The Venus Protocol Donation Attack: How 9 Months of Patience Bypassed Three Lines of Defense

TL;DR

On March 15, 2026, an attacker bypassed Venus Protocol's THE token supply cap on BNB Chain through a donation attack — directly transferring tokens to the vTHE contract instead of using the capped mint path. The result: $14.9M borrowed against artificially inflated collateral, $2.15M in bad debt for Venus, and ironically, a net loss for the attacker too. This incident exposed how all three standard lending protocol defenses (supply caps, oracle valuation, liquidation) can fail simultaneously.

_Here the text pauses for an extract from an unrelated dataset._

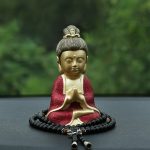 Tượng Quan Âm Bồ Tát để xe hơi CD505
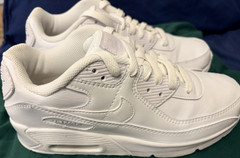 Nike Air Max 90 White Leather Low Top Cushioned Sneaker Kids 5.5Y (7W)CD6864-100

The Setup: 9 Months in the Making

This wasn't a flash loan blitz. The attacker started in June 2025, nine months before execution.

The funding chain:

1. Received 7,447 ETH through Tornado Cash
2. Deposited ETH into Aave as collateral
3. Borrowed $9.92M in stablecoins (USDT, DAI, USDC)
4. Distributed funds across multiple wallets
5. Gradually accumulated THE tokens over 9 months

By attack day, the attacker held approximately 12.2M THE within Venus — 84% of the 14.5M supply cap. Every single deposit was a routine transaction. Nothing triggered alerts.

The Core Vulnerability: Supply Caps That Don't Actually Cap

The vulnerability is embarrassingly simple in hindsight. In Compound-style lending protocols (which Venus forks), supply caps only constrain the mint path — the standard deposit function that checks the cap before issuing vTokens.

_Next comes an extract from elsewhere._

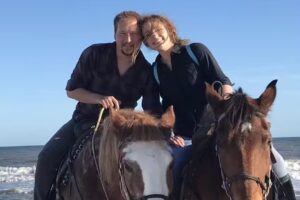 Two-bit Stable Horseback Riding On the Beach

But what happens if you just... transfer tokens directly to the contract?

// The "donation" — direct ERC-20 transfer
THE.transfer(address(vTHE), amount);
// No cap check. No limit. Just a bigger balance.

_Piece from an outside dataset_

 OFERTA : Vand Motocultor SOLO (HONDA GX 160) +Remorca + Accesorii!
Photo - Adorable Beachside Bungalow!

A direct ERC-20 transfer to the vTHE contract increases the contract's underlying token balance without minting new vTokens. In Compound-style accounting, this inflates the exchangeRate between vTokens and the underlying asset.

The math is brutal: existing vToken holders suddenly have claims on far more underlying tokens. Their effective collateral value, as seen by the protocol, skyrockets — completely bypassing the supply cap.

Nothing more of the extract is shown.